Überprüfung des vorläufigen Verlustvortrags: Bei der Veranlagung 2020 wird der vorläufige Verlustrücktrag für 2020 überprüft (§ 111 Abs. 6 EStG). Der GdE für 2019 wird hierfür in einem ersten Schritt um den vorläufigen Verlustrücktrag für 2020 erhöht. Ergeben sich im zweiten Schritt – bei der Ermittlung des GdE für 2020 – keine gleich hohen rücktragsfähigen negativen Einkünfte gem. § 10d Abs. 1 S. 1 EStG oder verzichtet der Steuerpflichtige gem. § 10d Abs. 1 S. 5 EStG ganz oder teilweise auf die Anwendung von § 10d Abs. 1 S. 1 EStG, ist der Steuerbescheid für 2019 zu ändern. Dies gilt, soweit ein Verlustrücktrag aus 2020 tatsächlich nicht zu gewähren ist. Beachten Sie: In allen anderen Fällen ist der Steuerbescheid für 2019 aufgrund des Verlustrücktrags nach § 10d Abs. 1 S. 1 i.V.m. S. 3 EStG zu ändern.

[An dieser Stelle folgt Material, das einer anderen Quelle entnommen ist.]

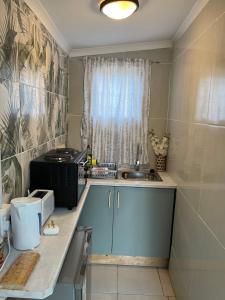 a small kitchen with a sink and a window at Ocean Village - No Sea View in Amanzimtoti
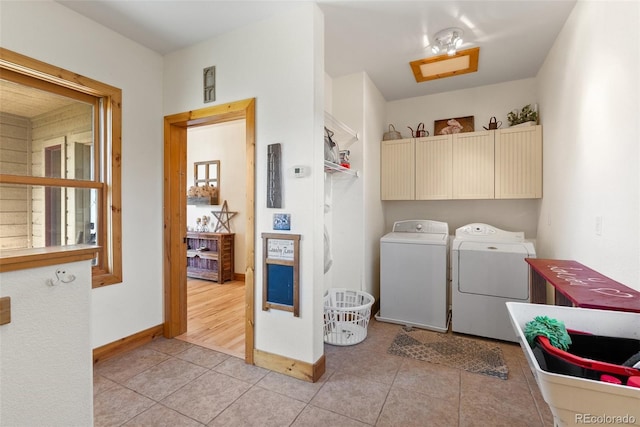 582 Buddy Rd, Bailey, CO 80421 - washroom featuring baseboards, cabinet space, independent washer and dryer, and light tile patterned floors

Beraterhinweis Der Antrag zur Berücksichtigung eines vorläufigen Verlustrücktrags für 2020 bei der Steuerfestsetzung für 2019 kann nach den allgemeinen verfahrensrechtlichen Grundsätzen bis zum Ablauf der Festsetzungsfrist ausgeübt werden. Die Wahlrechtsausübung wird durch die Bestandskraft des Steuerbescheids, in dem sich der Antrag auswirkt, eingeschränkt.[8] Nach Eintritt der Unanfechtbarkeit der Steuerfestsetzung können Antragsrechte grundsätzlich nur noch ausgeübt oder widerrufen werden, soweit die Steuerfestsetzung nach §§ 129, 164, 165, 172 ff. AO oder nach entsprechenden Regelungen in den Einzelsteuergesetzen korrigiert werden kann. Eine solche Regelung enthält § 111 Abs. 8 EStG. Sie ermöglicht auch Steuerpflichtigen die Inanspruchnahme des vorläufigen Verlustrücktrags, bei denen die Steuerfestsetzung vor dem 15.7.2020 bestandskräftig geworden ist. Sie können bis zum 1.8.2020 einen entsprechenden Änderungsantrag stellen.

[7] BStBl. I 2020, 496.
[8] Vgl. AEAO vor §§ 172 bis 177 AO Nr. 8.